Copy every entry exactly as it reads and exclude whatever pictures appear.
----
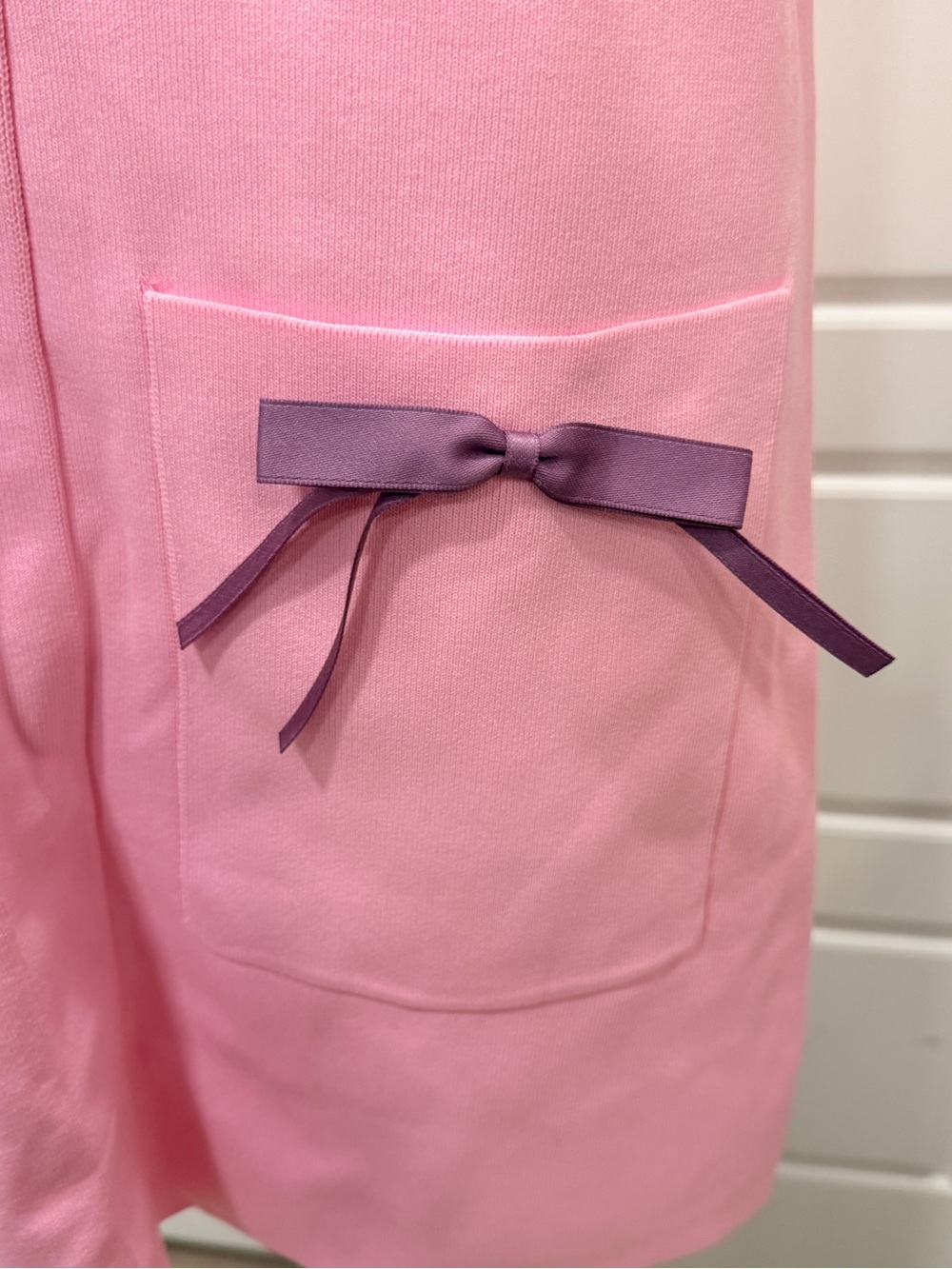 Zara Pink Short-Sleeve Bow-Detail Shift Dress - Picture 6 of 6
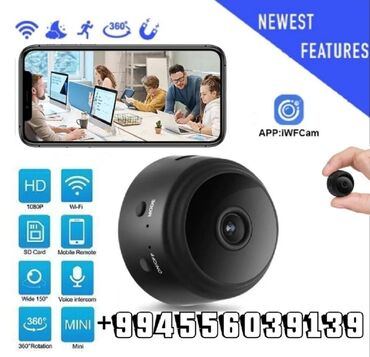 kiçik telefon: Mini Casus Kamera 1080p HD Kamera Gecə Versiyası Mikro Kamera Səs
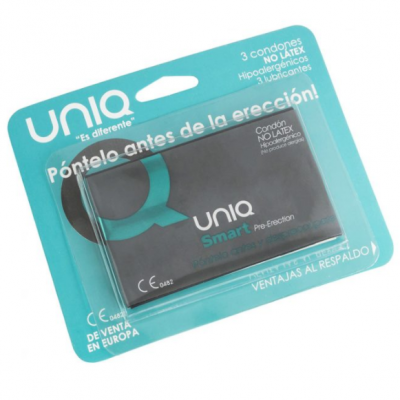 Uniq Smart Latex-Free Pre-Erection Condoms 3 Units - image 2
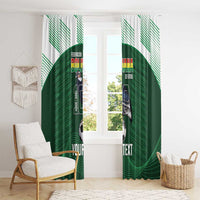 Custom Bolivia Football Window Curtain 100th Anniversary Andean Condor Proud - Wonder Print Shop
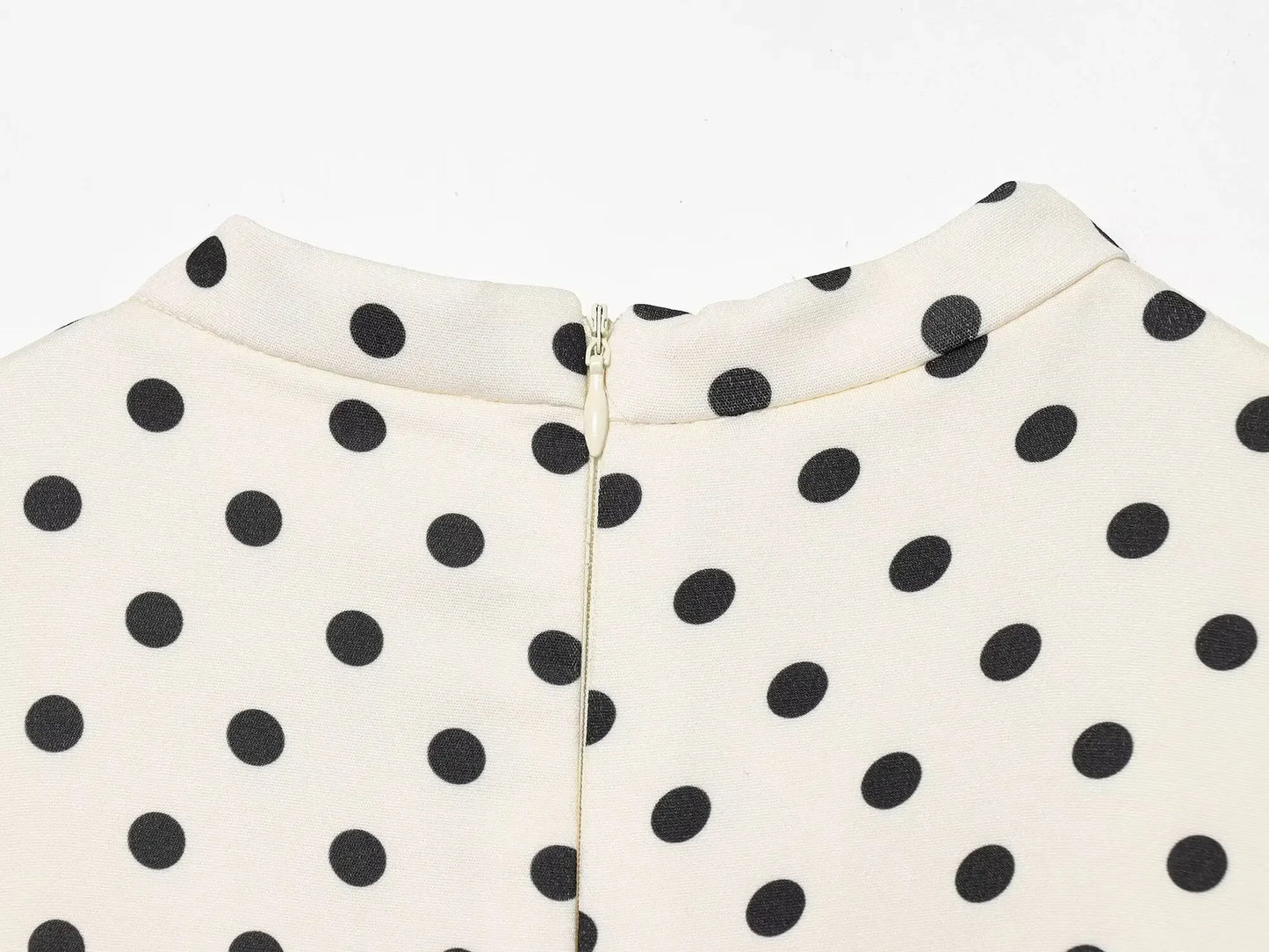 Polka Dot Mini Dresses For Women Casual Short Sleeve Lace Up Collar Dress Sexy Lady Club Party Woman Evening Dress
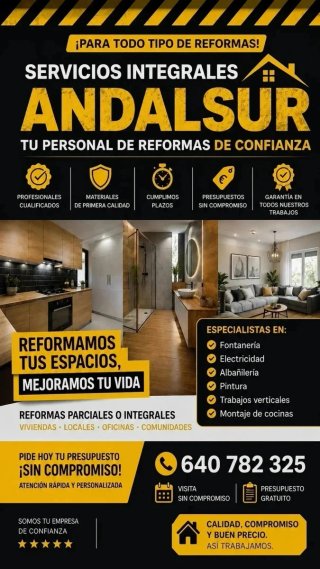 Ofrecemos todo tipo de servicios para tu hogar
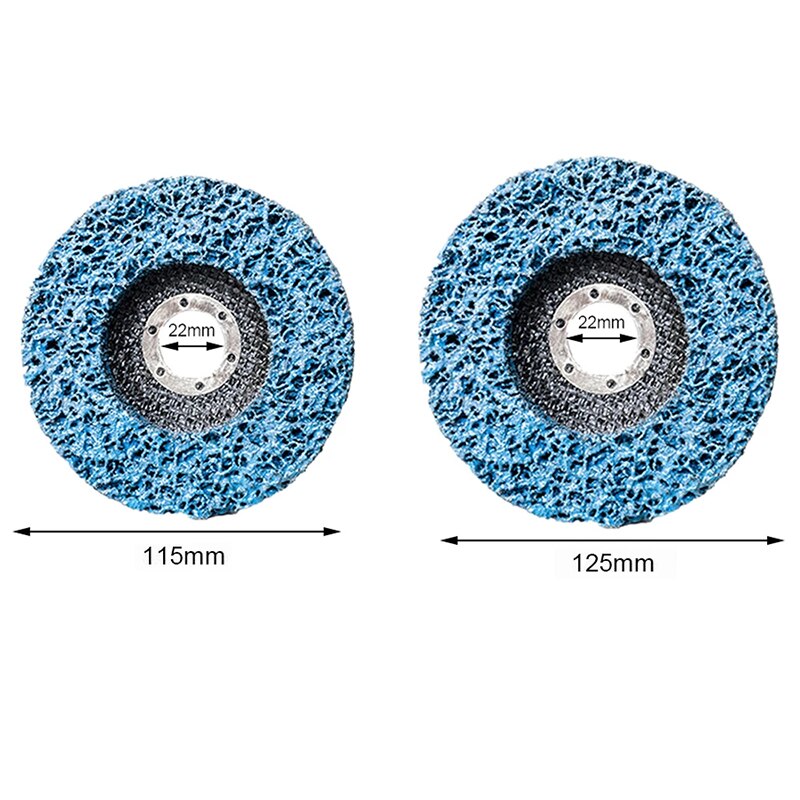 100/115/125mm Poly Strip Disc Abrasive Wheel Paint Rust Remover Clean Grinding Wheels For Motorcycles Durable Angle Grinder Car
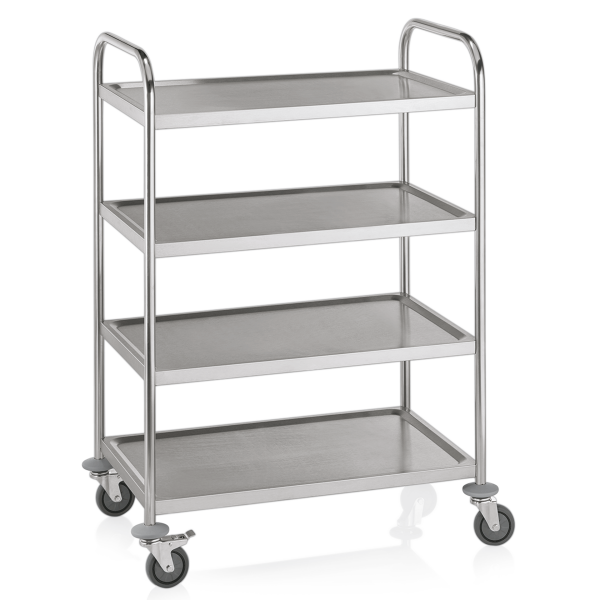 Servierwagen mit vier Ablagen, 85 x 53 x 125 cm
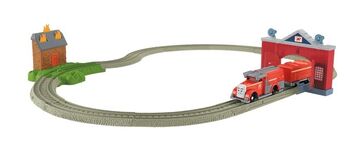 Trackmaster fiery rescue set best sale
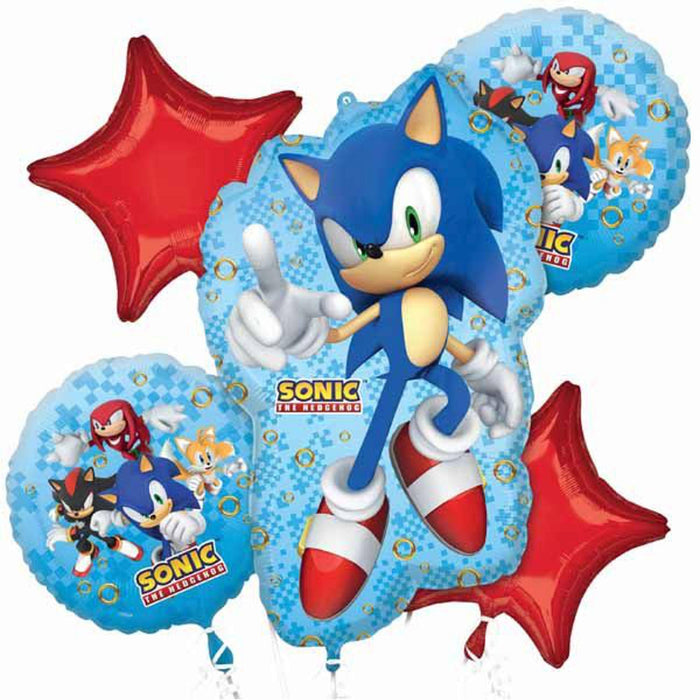 Sonic Hedgehog 2 Bouquet & Plushies Gift Set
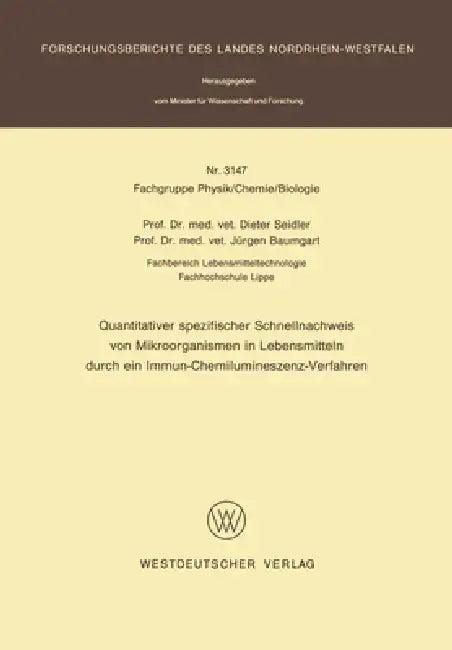 Quantitativer spezifischer Schnellnachweis von Mikroorganismen in Lebensmitteln durch ein Immun-Chem (English, Dieter Seidler)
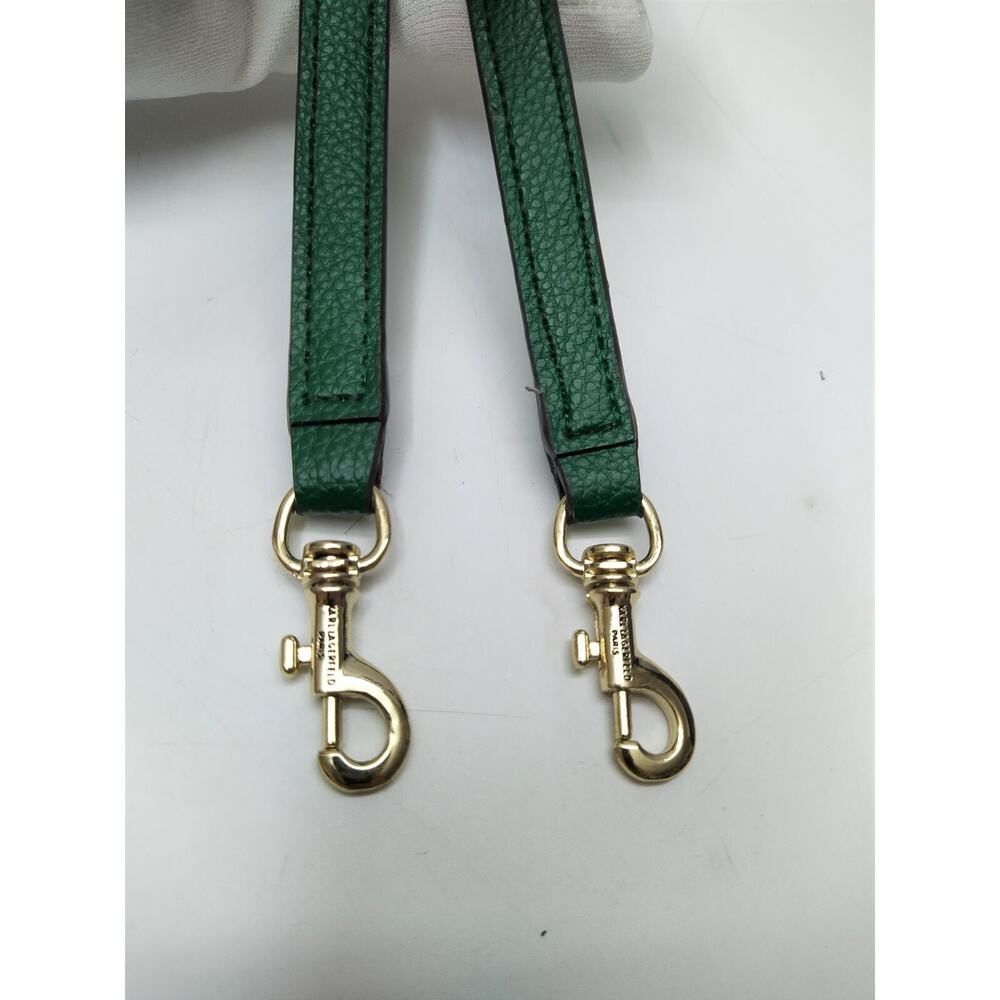 Karl Lagerfeld Replacement Strap Green Leather Gold-tone Spring Trigger Hook - Picture 7 of 11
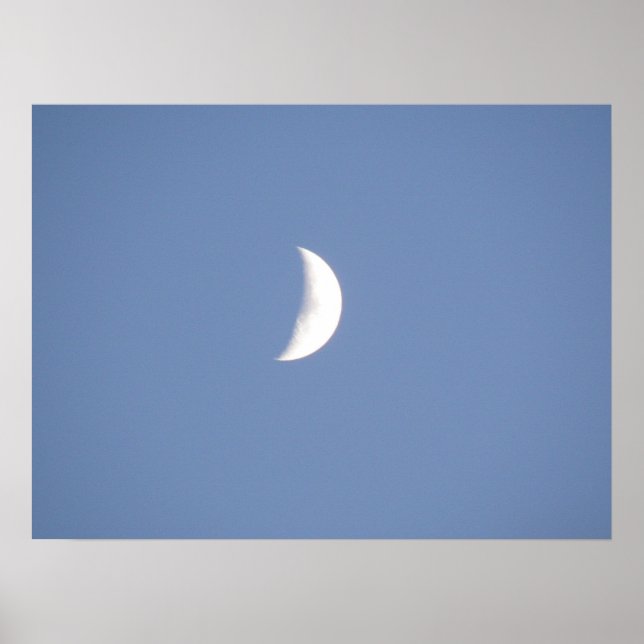 Poster Belle lune de croissant de cire en lumière (Devant)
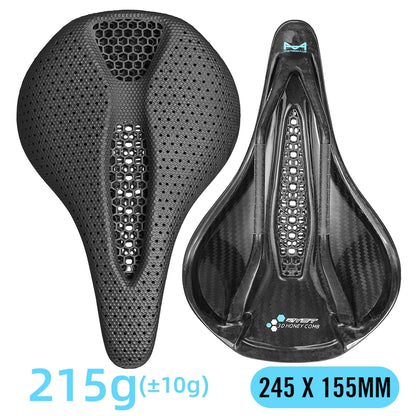 RYET Carbon 3D Printed Saddle 145/155MM 190g 7*9 Bike Seating For Men Women Triathlon Road MTB Mountain Gravel Cycling Parts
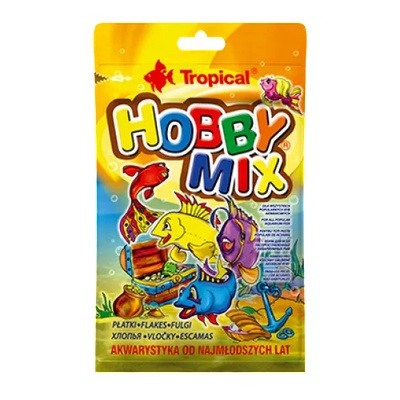 Tropical Hobby Mix - универсална храна за риби на люспи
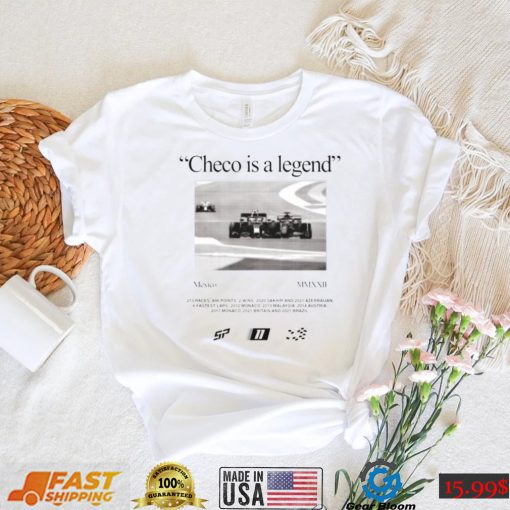 Checo Is A Legend Shirt Acapella X Sergio Pérez Merch Checo Is A Legend Shirt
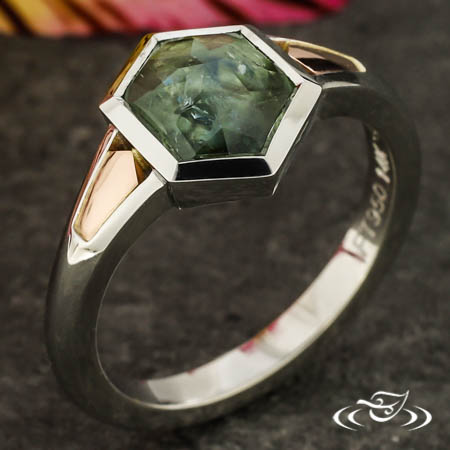 Montana Sapphire Hexagon Ring
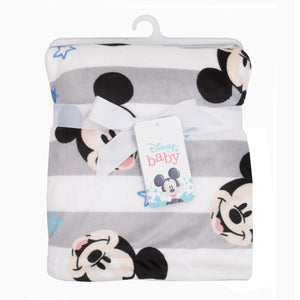 NoJo Disney Mickey Mouse Deluxe Reversible Baby Blanket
----
» **RESULT BELOW**:
 Zara Pink Short-Sleeve Bow-Detail Shift Dress - Picture 6 of 6
 kiçik telefon: Mini Casus Kamera 1080p HD Kamera Gecə Versiyası Mikro Kamera Səs
 Uniq Smart Latex-Free Pre-Erection Condoms 3 Units - image 2
 Custom Bolivia Football Window Curtain 100th Anniversary Andean Condor Proud - Wonder Print Shop
 Polka Dot Mini Dresses For Women Casual Short Sleeve Lace Up Collar Dress Sexy Lady Club Party Woman Evening Dress
 Ofrecemos todo tipo de servicios para tu hogar
 100/115/125mm Poly Strip Disc Abrasive Wheel Paint Rust Remover Clean Grinding Wheels For Motorcycles Durable Angle Grinder Car
 Servierwagen mit vier Ablagen, 85 x 53 x 125 cm
 Trackmaster fiery rescue set best sale
 Sonic Hedgehog 2 Bouquet & Plushies Gift Set
 Quantitativer spezifischer Schnellnachweis von Mikroorganismen in Lebensmitteln durch ein Immun-Chem (English, Dieter Seidler)
 Karl Lagerfeld Replacement Strap Green Leather Gold-tone Spring Trigger Hook - Picture 7 of 11
 Poster Belle lune de croissant de cire en lumière (Devant)
 RYET Carbon 3D Printed Saddle 145/155MM 190g 7*9 Bike Seating For Men Women Triathlon Road MTB Mountain Gravel Cycling Parts
 Tropical Hobby Mix - универсална храна за риби на люспи
 Checo Is A Legend Shirt Acapella X Sergio Pérez Merch Checo Is A Legend Shirt
 Montana Sapphire Hexagon Ring
 NoJo Disney Mickey Mouse Deluxe Reversible Baby Blanket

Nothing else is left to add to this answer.